Eugène Platteau

Personal information
- Full name: Eugène Platteeuw
- Nickname: Flandrien
- Born: 18 September 1886 Roeselare, Belgium
- Weight: 65 kg (143 lb)

Team information
- Discipline: Road Track
- Role: Rider

Professional teams
- 1908: Alcyon–Dunlop
- 1909: Dürkopp
- 1911: La Française–Diamant
- 1913: La Française–Diamant

= Eugène Platteau =

Belgian cyclist

Eugène Platteau, in civil registration Eugène Platteeuw, (born 18 September 1886) was a Belgian professional road and track cyclist who competed during the 1900s and 1910s.

==Biography==
Born in Roeselare, Belgium, in 1886, Platteau rode professionally for Alcyon–Dunlop in 1908, for the German Dürkopp team in 1909, and for La Française–Diamant in 1911 and 1913.

Platteau was one of the first cyclists in cycling history to be referred to as Flandrien by the French newspaper La Dernière Heure, a designation for riders originating from the Belgian provinces of West and East Flanders. The term would later acquire a broader, more symbolic meaning.

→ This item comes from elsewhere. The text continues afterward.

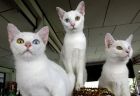gatos ojo de diamante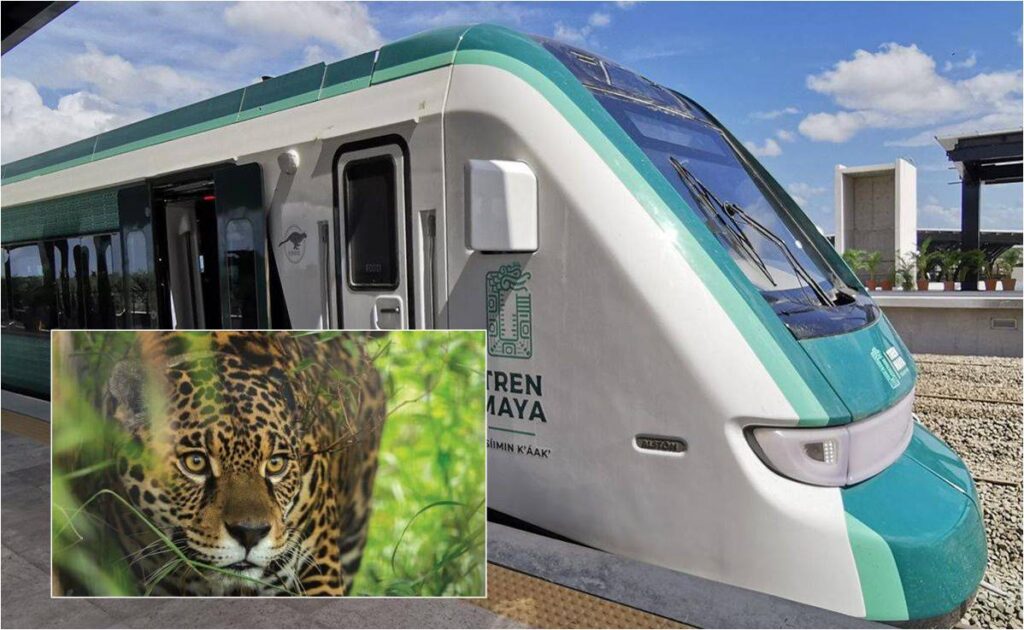 Profepa vigilará manejo de fauna en el Tren Maya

In 1907 Platteu started winning cycling races, including in Laken, Mons and Namur. He also placed fourth in the cycling monuments 1907 Paris–Tours, and was runner-up in the Scheldeprijs in 1907.

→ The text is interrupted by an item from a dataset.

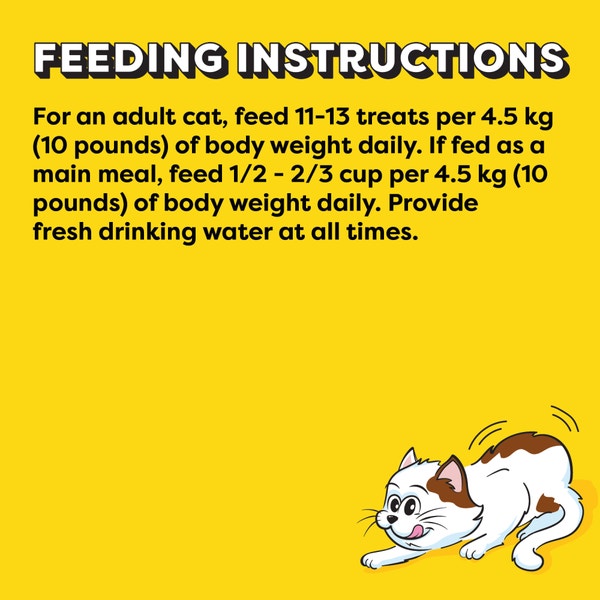 Temptations Wacky Blasts Cat Treats, Nautical 'Nip Flavour, 180g Pouch image 2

The next year he competed professionally with Alcyon–Dunlop. He also won the bronze medal in the 1908 Belgian National Road Race Championships behind Francois Verstraeten and Cyrille van Hauwaert. He also finished third overall in the Tour of Belgium, including achieving four stage podium finishes. In his first Tour de France that year he finished 8th in the opening stage from Paris to Roubaix.

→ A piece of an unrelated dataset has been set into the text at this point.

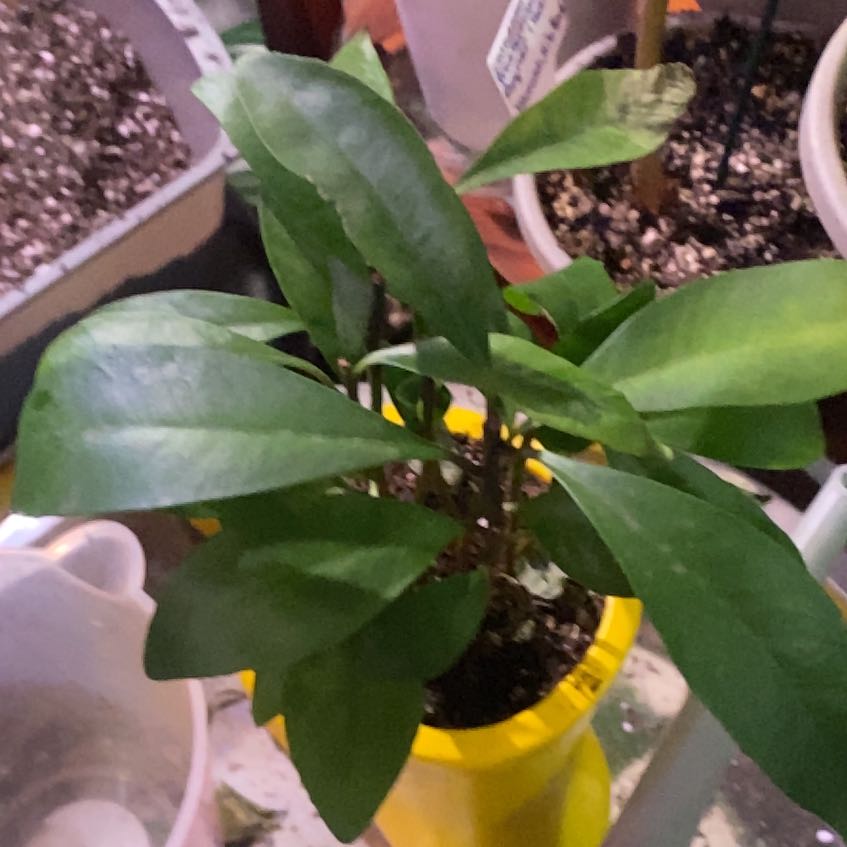 Photo of the plant species Low Shoebutton by @PioneerRutabaga named Low Shoebutton on Greg, the plant care app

The next year he rode with the German Dürkopp team , and didn't compete that year in the main international races in Belgium and France. As a track cyclist, he won bronze medal at the 1909 Belgian National Track Championships in the motor-paced event, and would become runner up the next year in 1910.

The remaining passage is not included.